Non-interior path-following methods for complementarity problems

Abstract

Because of its excellent numerical performance, non-interior path following methods (also called smoothing methods) have become an important class of methods for solving complementarity problems. However, no rate of convergence results are available for these methods. In this thesis, we bridge this gap between the theory and the practical performance of the methods. Specifically, we focus on the rates of convergence, the complexity, and the implementation of non-interior path following methods.The thesis introduces new notions of neighborhoods of the central path for non-interior path following methods for linear complementarity problems. These neighborhoods are modeled on similar concepts from the interior point literature and are used to adjust the value of a continuation parameter. However, these neighborhoods are fundamentally different from those used in the interior-point methods.
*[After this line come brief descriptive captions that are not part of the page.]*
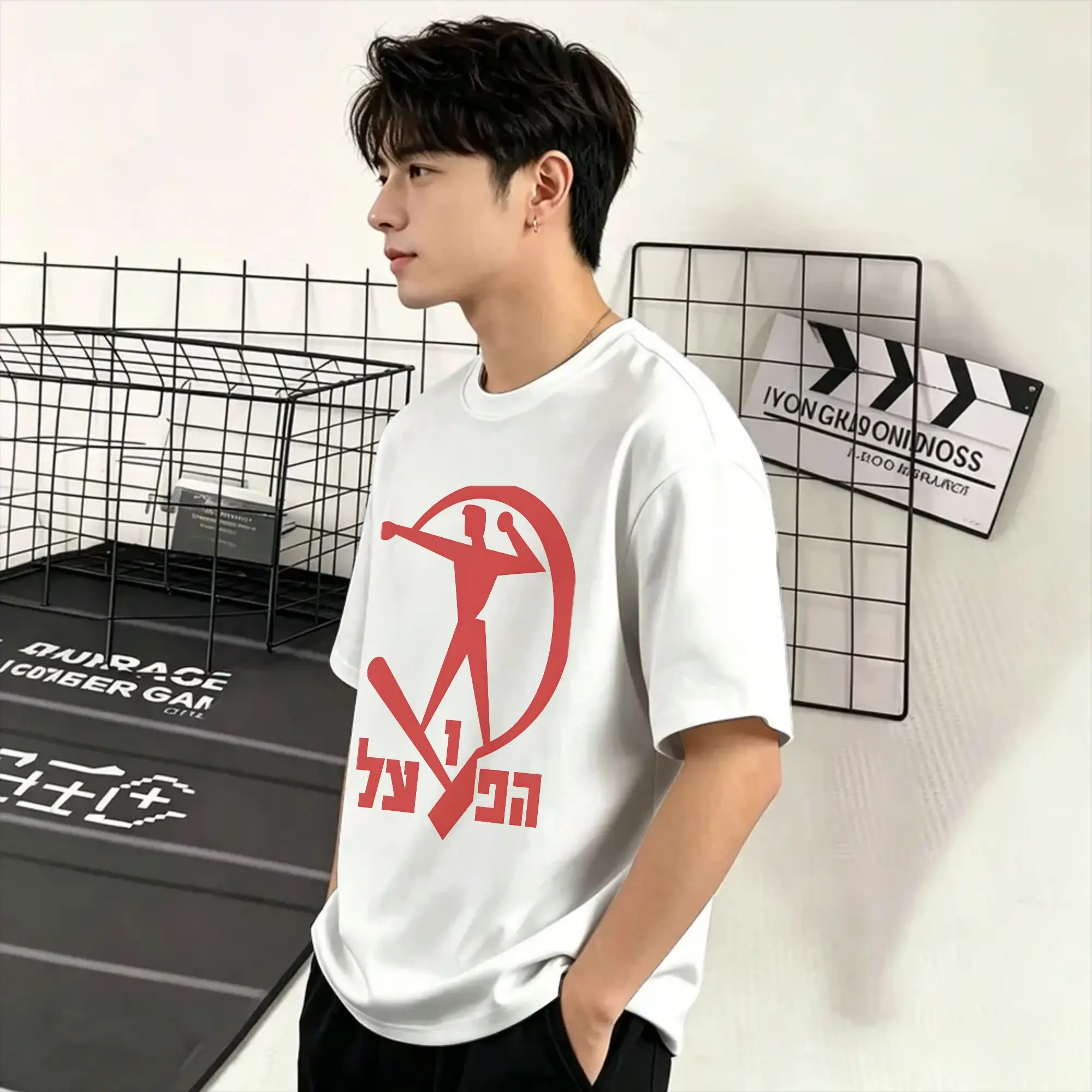 Hapoel Tel Aviv T-Shirt Sommer 100 % Baumwolle T-Shirts für Männer Hip Hop Loose Tee Shirt Kurzarm Y2K Retro Kleidung – Detail 4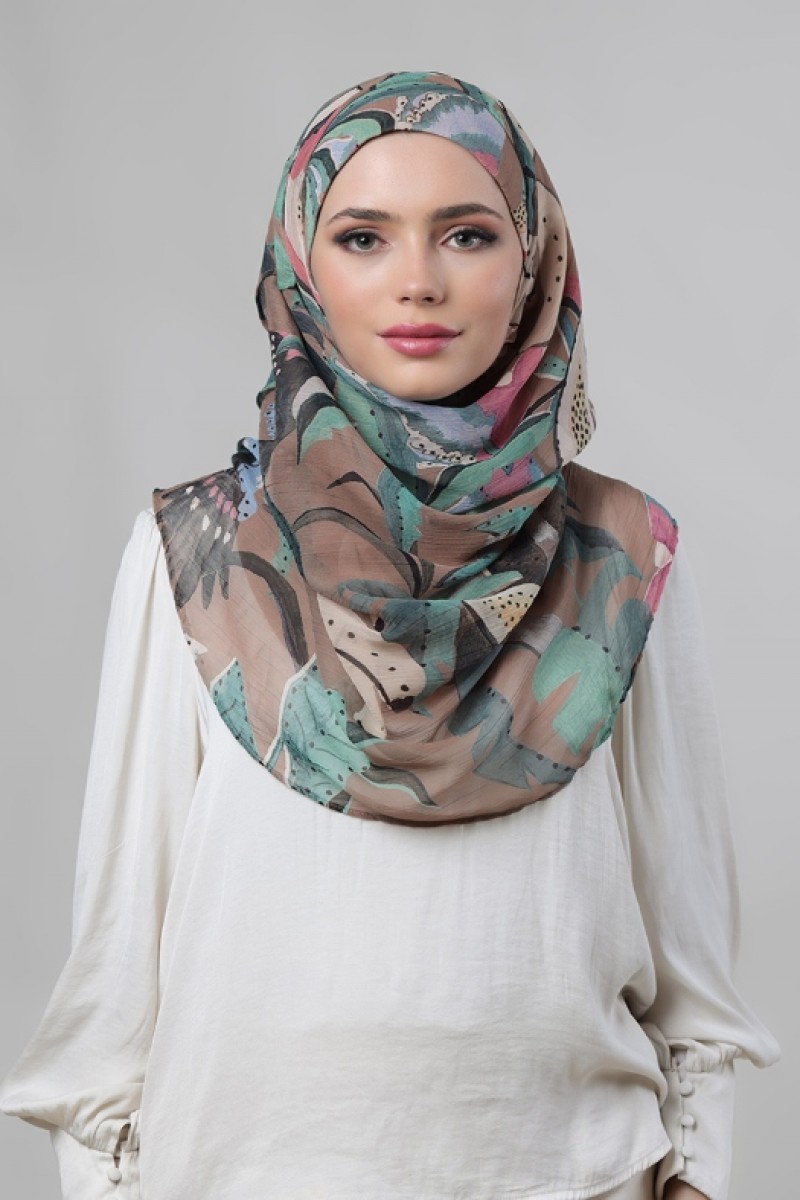 Fruits Of Paradise - Printed Crinkled Chiffon - Face Mask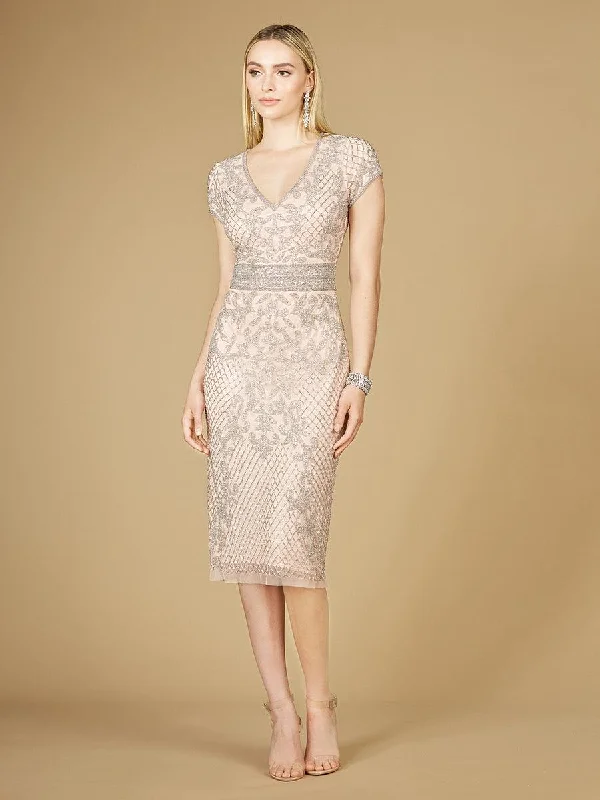 Short cocktail dresses in royal blue for a formal eventLara Dresses 29225 Cap Sleeve Cocktail Dress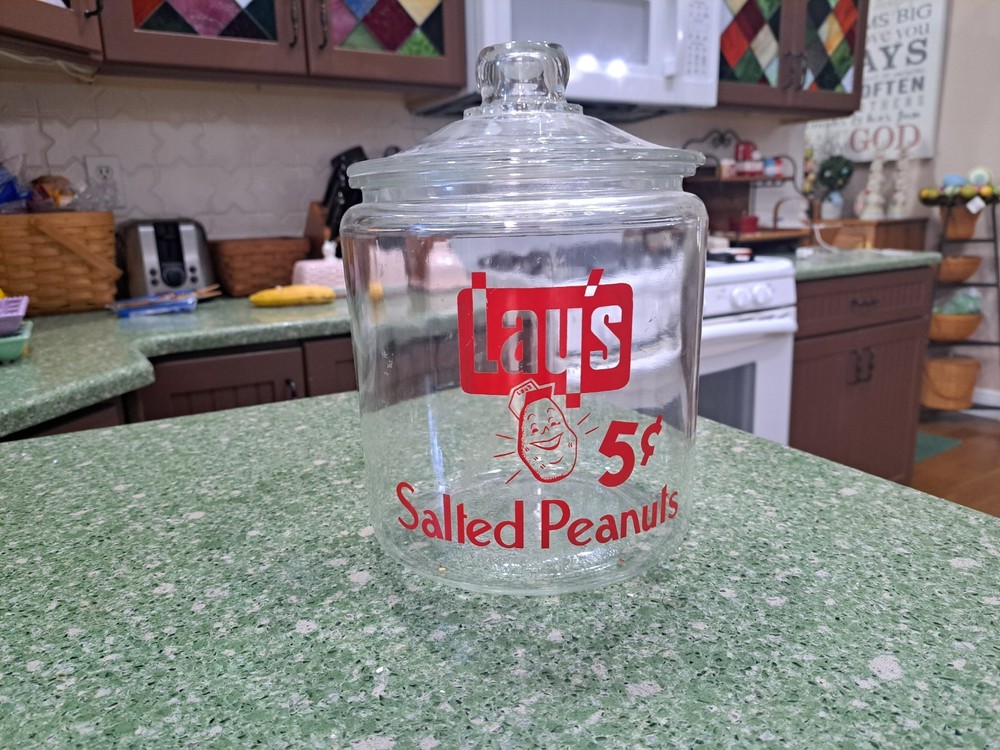 Vintage Lay’s Salted Peanuts-Glass Counter Jar-General Store  Rare Find with lid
In particular the solution set of the underlying LCP is contained in the interior of these neighborhoods relative to the affine constraints. The new neighborhood concepts have proven to be fundamental for both the theoretical analysis of the algorithms and in their practical implementation. With these new neighborhood concepts, we are able to establish the first global linear convergence result for non-interior path following methods. In order to accelerate the convergence, we introduce a predictor-corrector strategy. This strategy allows us to construct the first predictor-corrector non-interior path following method that is both globally linearly convergent and locally quadratically convergent. In the thesis, we also make progress toward understanding the computational complexity of these methods. Complexity results are obtained from both the algorithmic and condition-based perspectives. The complexity bounds that we establish are the only results for these methods that are available to date. These results represent a first step toward understanding the complexity of non-interior path following methods.